I have been writing and researching a lot about shamanism lately, from a multi-cultural perspective. While the word “shamanism” might bring up the image of someone of a Native American culture, the practice is seen all over the world. I know there is history from my own heritage in Western and Eastern Europe, and yes, I’m really sad that that’s been lost over time through my ancestry to my own present.
As I imagine, there are people in any community who know about their own culture, but who are too ashamed, scared, feeling low-self worth, to stand up and share about it.
And it gets lost…and lost…and lost…until it becomes invisible.
….
Let me see…
What would the healing of this look like from a perspective of exchange? 
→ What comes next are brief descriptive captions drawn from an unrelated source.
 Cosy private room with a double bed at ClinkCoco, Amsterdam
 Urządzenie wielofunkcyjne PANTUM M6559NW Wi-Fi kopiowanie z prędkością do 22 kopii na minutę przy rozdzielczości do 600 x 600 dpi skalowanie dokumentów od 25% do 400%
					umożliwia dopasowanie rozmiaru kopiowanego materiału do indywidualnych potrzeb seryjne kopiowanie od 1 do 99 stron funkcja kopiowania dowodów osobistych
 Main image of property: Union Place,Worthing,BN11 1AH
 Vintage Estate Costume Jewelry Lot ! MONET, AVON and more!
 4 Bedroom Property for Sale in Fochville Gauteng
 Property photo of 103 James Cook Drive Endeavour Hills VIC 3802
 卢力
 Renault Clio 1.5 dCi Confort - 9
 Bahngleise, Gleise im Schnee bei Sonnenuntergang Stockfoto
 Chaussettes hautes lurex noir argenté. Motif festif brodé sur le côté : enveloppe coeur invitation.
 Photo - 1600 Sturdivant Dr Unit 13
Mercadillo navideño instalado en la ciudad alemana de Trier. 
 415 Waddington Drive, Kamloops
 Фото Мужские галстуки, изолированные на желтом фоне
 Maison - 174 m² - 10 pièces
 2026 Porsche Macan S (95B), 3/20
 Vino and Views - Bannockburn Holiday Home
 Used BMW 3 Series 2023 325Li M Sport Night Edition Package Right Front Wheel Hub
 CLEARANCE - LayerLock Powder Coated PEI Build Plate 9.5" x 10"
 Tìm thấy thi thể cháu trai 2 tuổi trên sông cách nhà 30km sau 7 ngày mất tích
We need to be in community with other communities, otherwise, I fear the resurgence of a colonial complex (” I/my ancestors took your culture, now let me teach it back you you) and we will see another disappearance of marginalized people all over the world under this umbrella of white supremacy.
A few weeks ago, I attended an online conference on called “Grounding in Life” work hosted by the modern mystic, Thomas Hübl. Through events of dialogue and exchange, he has worked at healing the Holocaust’s cultural shadows, bringing together thousands of Israelis and Germans in the process.
So now I sit wondering, who is going to bring this type of work to the Americas? When it is so very traumatized at its core over so many things.
A few things that stood out to me from his talk:
  • “The body of the human being around the world has deep scars”
  • “Whole societies are built on dark lakes of the unconscious”
  • “Stream of conscious awareness runs throughout the generations “
  • “We recreate the same structures again and again”
There’s this sort of sick pressure I find in the spiritual/self-help world of an individualistic nation that thinks you are going to accomplish all of this healing work on your own. Not really possible. Especially with the wounds we have inflicted and have to carry.
So! In gathering in “We-Spaces” (or places where there is not a ‘me’ or ‘you’ but rather a ‘we’ in the gathering) this can be accomplished:
  • “When there is a coherence and intimacy in a We-Space, big eruptions of collective unconscious comes up, waiting to come back into the conscious awareness”
  • “Coming together in intentional We pace, something about the greater field that allows us to work with material that would be overwhelming for us if we were just trying to do that on our own..”
I could see the work being much more fruitful towards a healing discussion for both parties across racial and cultural lines.